Profissionais de Saúde
Sexualidade, uso do
preservativo e direito reprodutivo

Valdi Craveiro Bezerra
Clínico de Adolescentes (Hebiatra), Psicoterapeuta, Terapeuta
de Família.
Coordenador do ADOLESCENTRO Centro de Referência, Pesquisa,
Capacitação e Atenção à Adolescência
e Família – DF
"Se trago as mãos distantes do meu
peito,
é que há distância entre intenção
e gesto."
(Fado Tropical – Chico Buarque & Ruy Guerra)
Apesar dos três temas do título possuírem
uma estreita correlação óbvia no discurso,
a maneira como nós, governo, profissionais e sociedade, agimos
em relação a cada um deles é de forma totalmente
dissociada e perigosa.
Entendemos a sexualidade como o exercício da vida com prazer.
Exercemos nossa sexualidade quando intencionalmente colocamos prazer
em nossas relações com o mundo e com nós mesmos.
O prazer é um ato intencional da subjetividade humana, o
qual consiste em dar um sentido e um significado específico
a uma sensação, que pode ser agradável, desagradável
ou neutra. No entanto, o prazer não se reduz a esta sensação.
Enquanto para alguns a sensação de queimação
intensa de uma pimenta malagueta pode ser uma experiência
extremamente desagradável, para outros a mesma sensação
se constitui num imenso prazer. O que diferencia as duas experiências
é o significado dado pelo sujeito da experiência a
esta sensação. Do mesmo modo, apesar do estupro ser
uma relação sexual, a vítima não exerce
sua sexualidade nesse momento.

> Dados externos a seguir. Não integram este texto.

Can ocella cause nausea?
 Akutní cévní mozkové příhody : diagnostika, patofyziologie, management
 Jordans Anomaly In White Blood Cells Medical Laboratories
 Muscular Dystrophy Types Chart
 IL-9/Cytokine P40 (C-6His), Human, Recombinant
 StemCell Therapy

O prazer produzido em um relacionamento
sexual consensual parece até o momento não ter precedentes
comparativos, mesmo levando em conta seus efeitos colaterais. A
gravidez não planejada e as DSTs, tendo a aids como a mais
recente e mais temida, são seus efeitos colaterais mais comuns
e perseguem a humanidade até os dias de hoje. Enquanto o
homem paga o preço das DSTs, a mulher sofre com os dois.

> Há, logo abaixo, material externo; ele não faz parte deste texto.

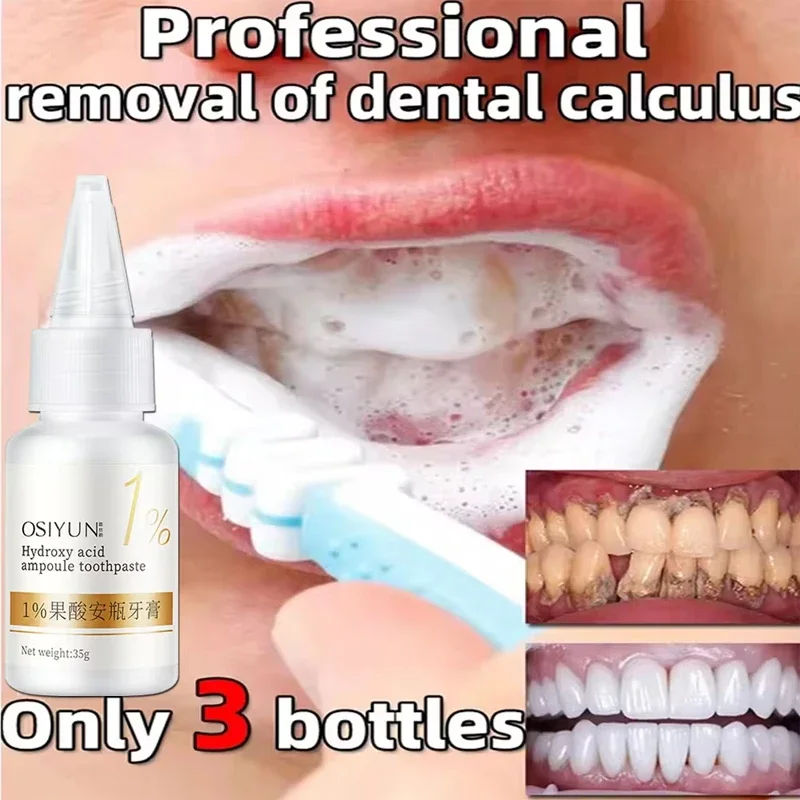 Teeth Whitening Toothpaste Fruit Acid Remove Plaque Stains Calculus Fresh Breath Cleaning Oral Hygiene Dental Bleach Care Tools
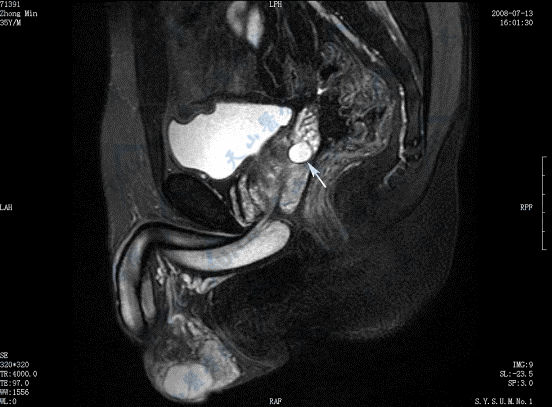 射精管：射精管炎、扩张、囊肿、结石的CT与磁共振成像
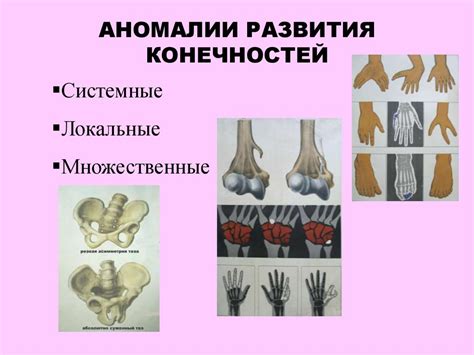 Аномалии развития стопы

A gravidez não planejada sempre foi o preço que a
mulher, casada ou não, teve que pagar pelo exercício
de sua sexualidade, ou, quando pior, por sofrer o exercício
da sexualidade do homem pela violência ou por seus "deveres
matrimoniais", o que de fato é a mesma coisa.
As tentativas para se evitar uma gravidez na história da
humanidade vão desde o coito interrompido, provavelmente
a maneira mais antiga, que mesmo interrompido era e continua sendo
pecado, passando por vários métodos de barreira, como
as primeiras camisinhas utilizando intestinos de animais, até
os métodos mais eficientes atualmente, como a camisinha de
látex, os contraceptivos orais e o DIU.
A camisinha, quando usada corretamente, isto é, sem falha
no uso e no acondicionamento, oferece uma proteção
de 99% contra a aids e de 100% para gravidez não planejada.
Considerando as possibilidades de ruptura e deslizamento intravaginal,
o uso da camisinha durante um ano oferece uma proteção
para a gravidez não planejada de 97% se usada de forma correta,
e de 86% se for usada sem muitos cuidados (Trussel e col, 2001).
Este mesmo autor calculou que a economia feita com o uso de camisinha
por ano por adolescente sairia em média de 946 dólares
para o setor privado e de 525 dólares para o setor público.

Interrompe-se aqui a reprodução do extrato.